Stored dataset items
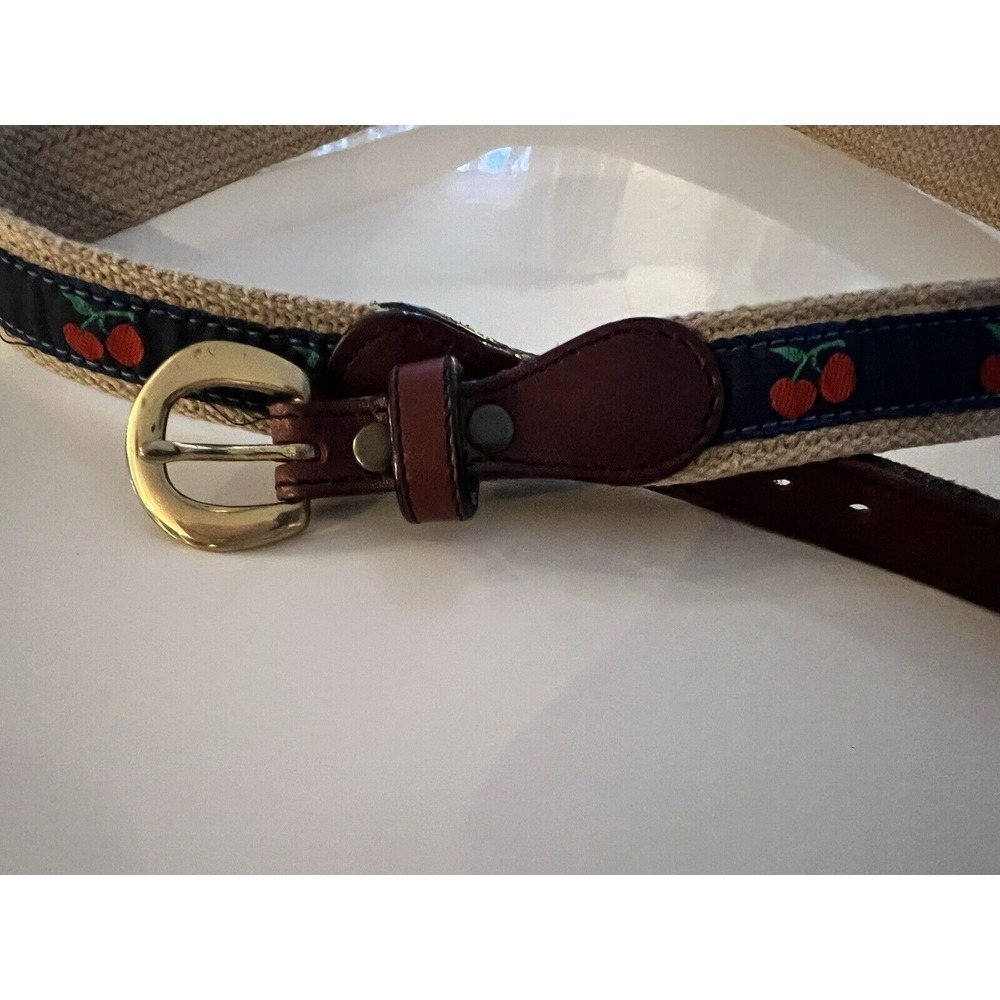VTG  Belt Leather Canvas Red CHERRIES USA Womens Small Solid Brass Buckle Preppy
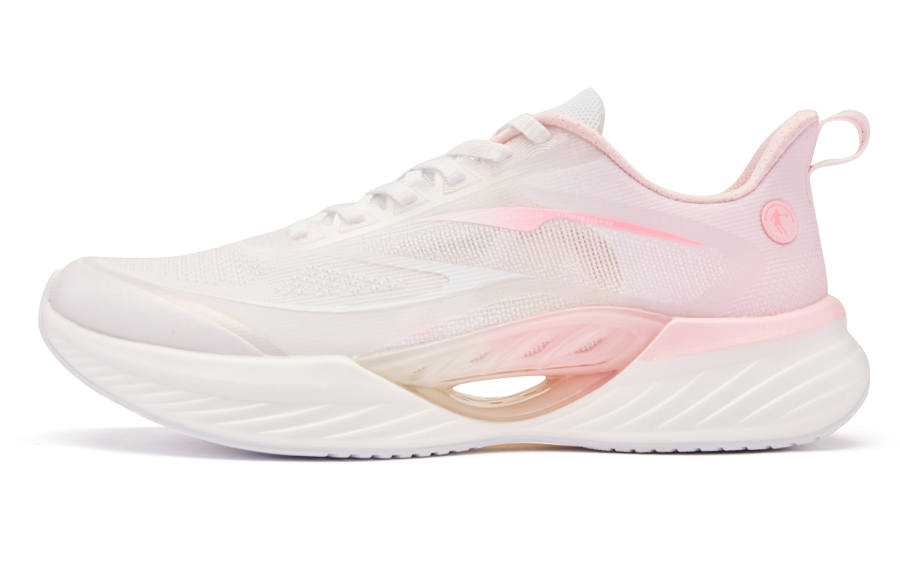 QIAODAN Flying Shadow Team 2.0 Low top Q KUNGFU PRO Sprint Running Shoes Men's White Pink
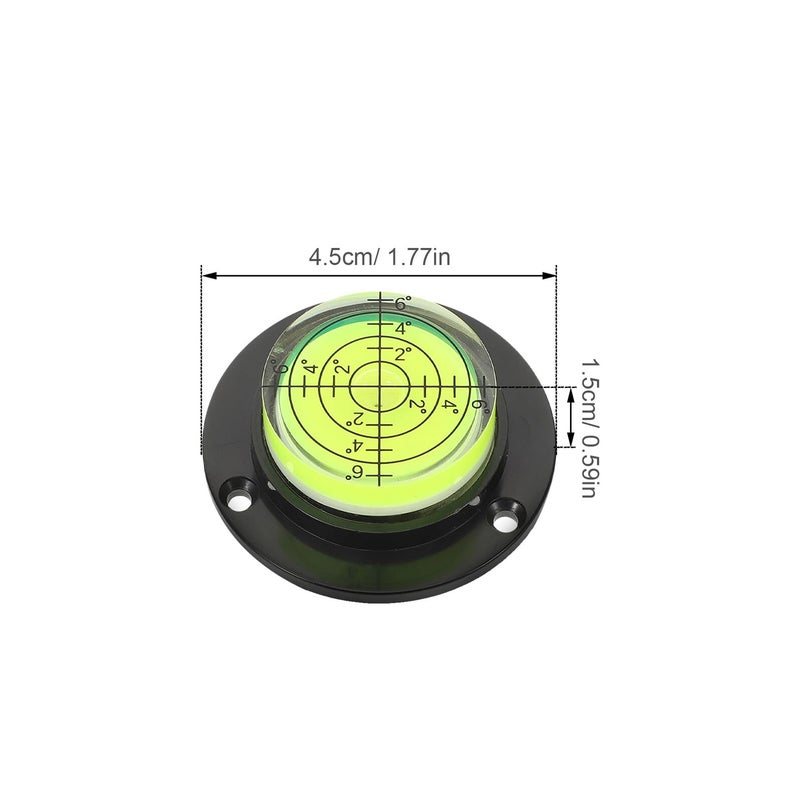 4Pcs Mini Round Bubble Level Tool Black Base for Precision Measuring Construction RV Installation - Image 3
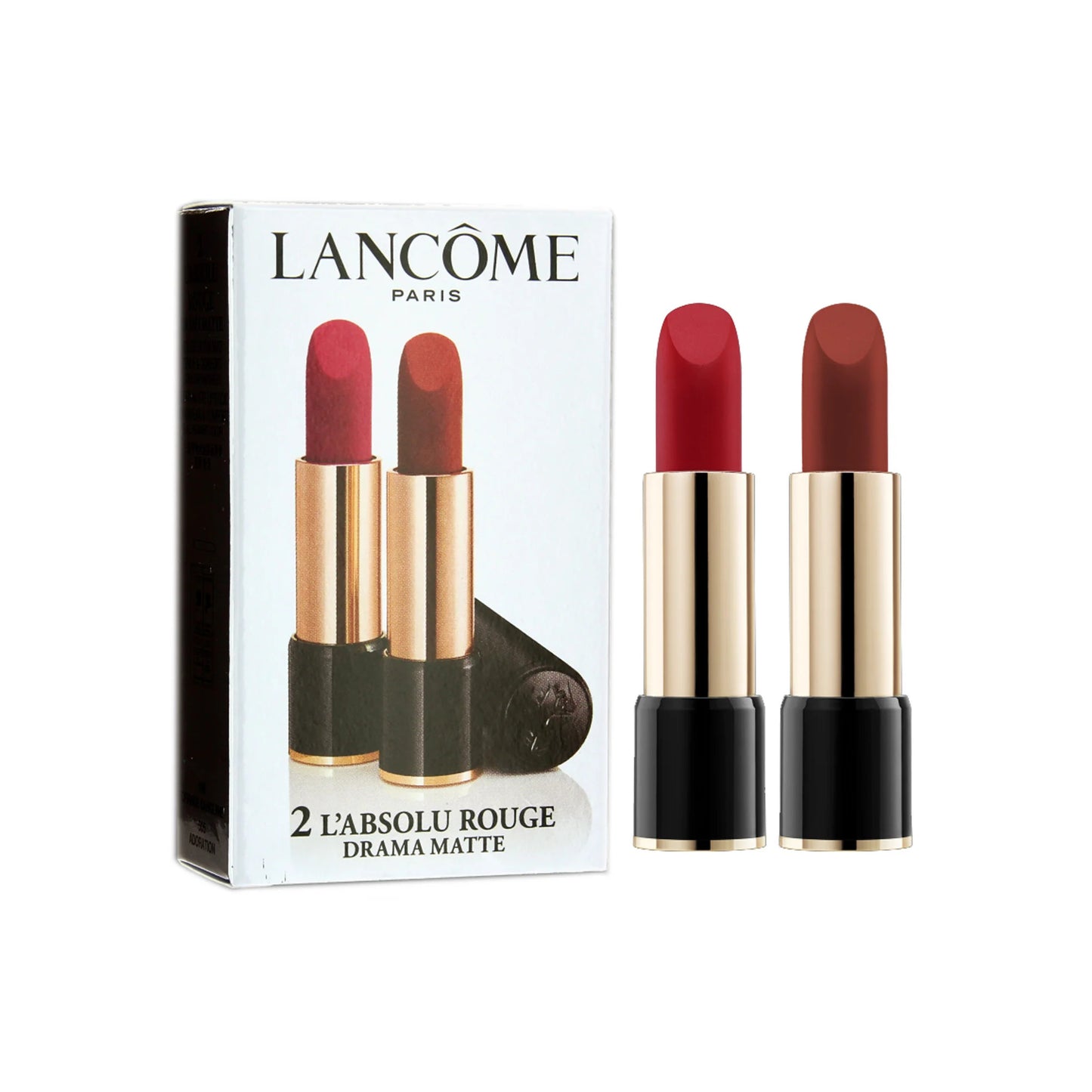 Set Duo, Lancome, L'Absolu Rouge, Opaco, Rossetto cremoso, 290, Dramma, 2 pz, 3.4 g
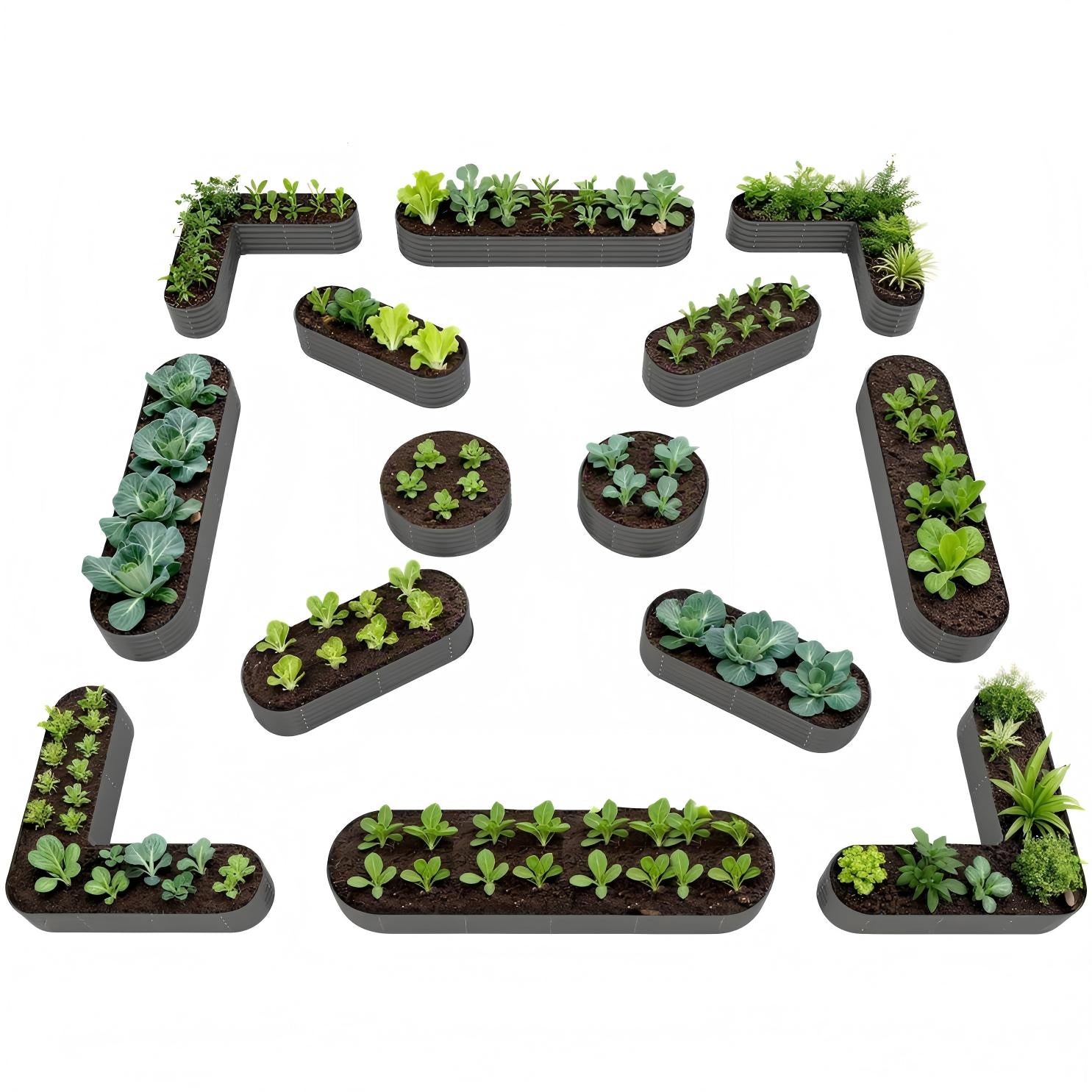 Letter-shaped garden planters with plants arranged to form the word 'GARDEN' on a white background. #quartz-gray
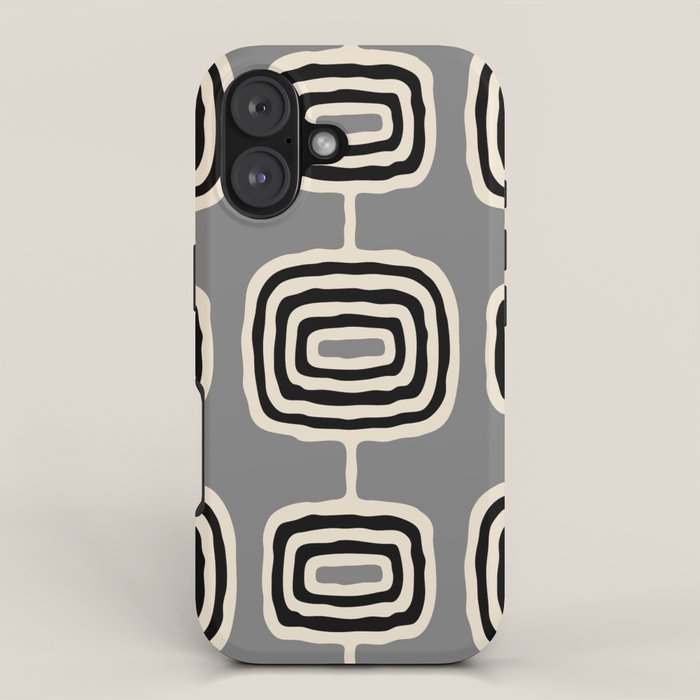 Mid Century Modern Atomic Rings Pattern 233 Black Beige and Gray iPhone Case Gallery Image 1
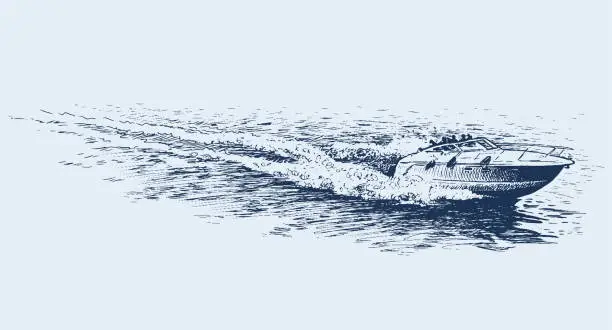 Vector illustration of Sketch of river boat going at high speed on water surface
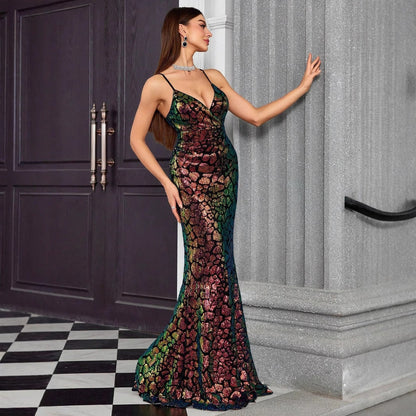 Vestido de noche con escote en V y tirantes, vestido elegante de cola de pez para fiesta anual, vestido formal para anfitriona de fiesta para mujer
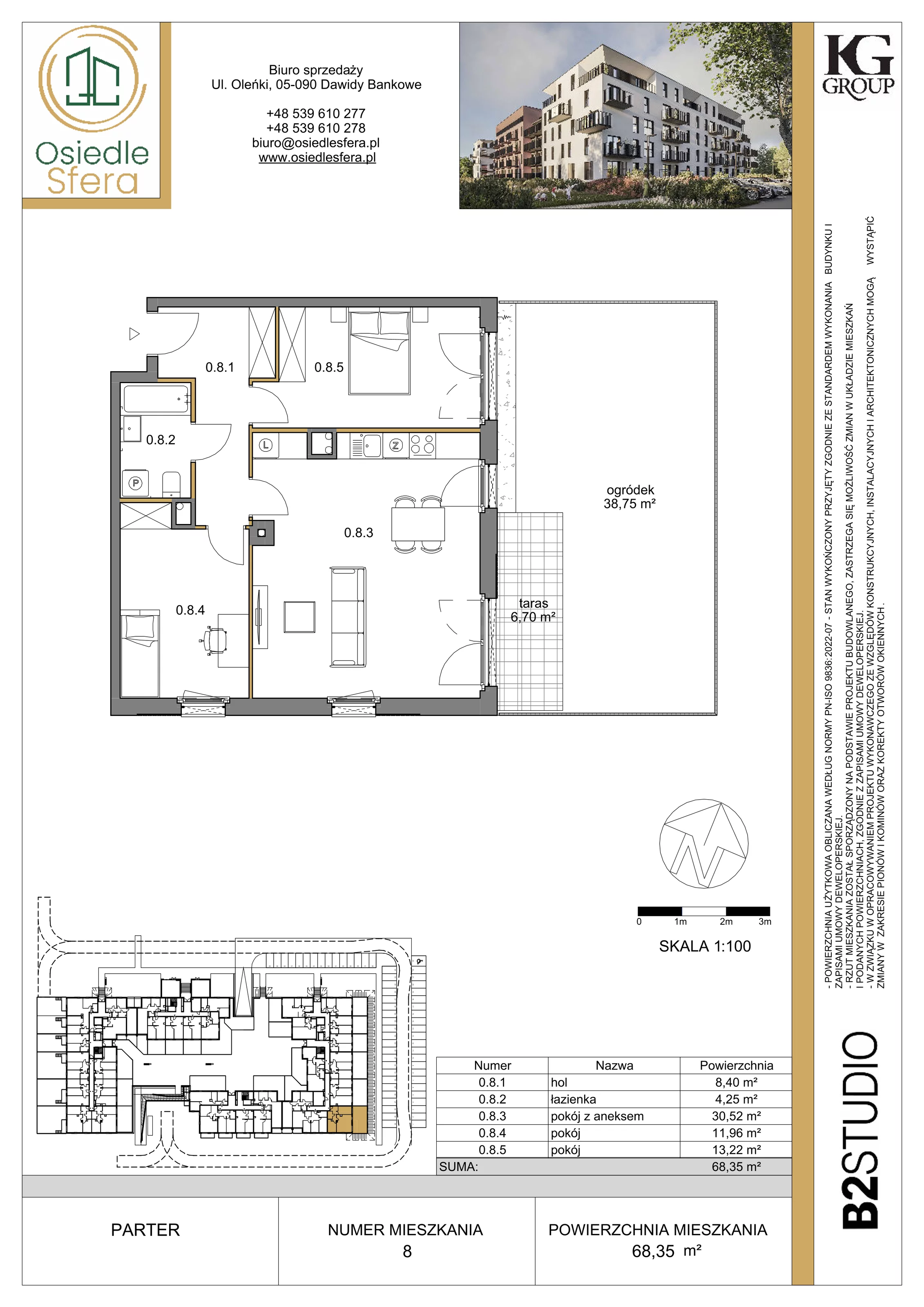 3 pokoje, mieszkanie 68,35 m², parter, oferta nr 8, Osiedle Sfera - Etap II, Dawidy Bankowe, ul. Oleńki 14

* **Instructions for the task**
What is needed is an exact copy of the lines from the line with "Mid Century Modern" to the end of the data above, both included, without any pictures.

* **Problem solution**
 Mid Century Modern Atomic Rings Pattern 233 Black Beige and Gray iPhone Case Gallery Image 1
 Vector illustration of Sketch of river boat going at high speed on water surface
 Vestido de noche con escote en V y tirantes, vestido elegante de cola de pez para fiesta anual, vestido formal para anfitriona de fiesta para mujer
 3 pokoje, mieszkanie 68,35 m², parter, oferta nr 8, Osiedle Sfera - Etap II, Dawidy Bankowe, ul. Oleńki 14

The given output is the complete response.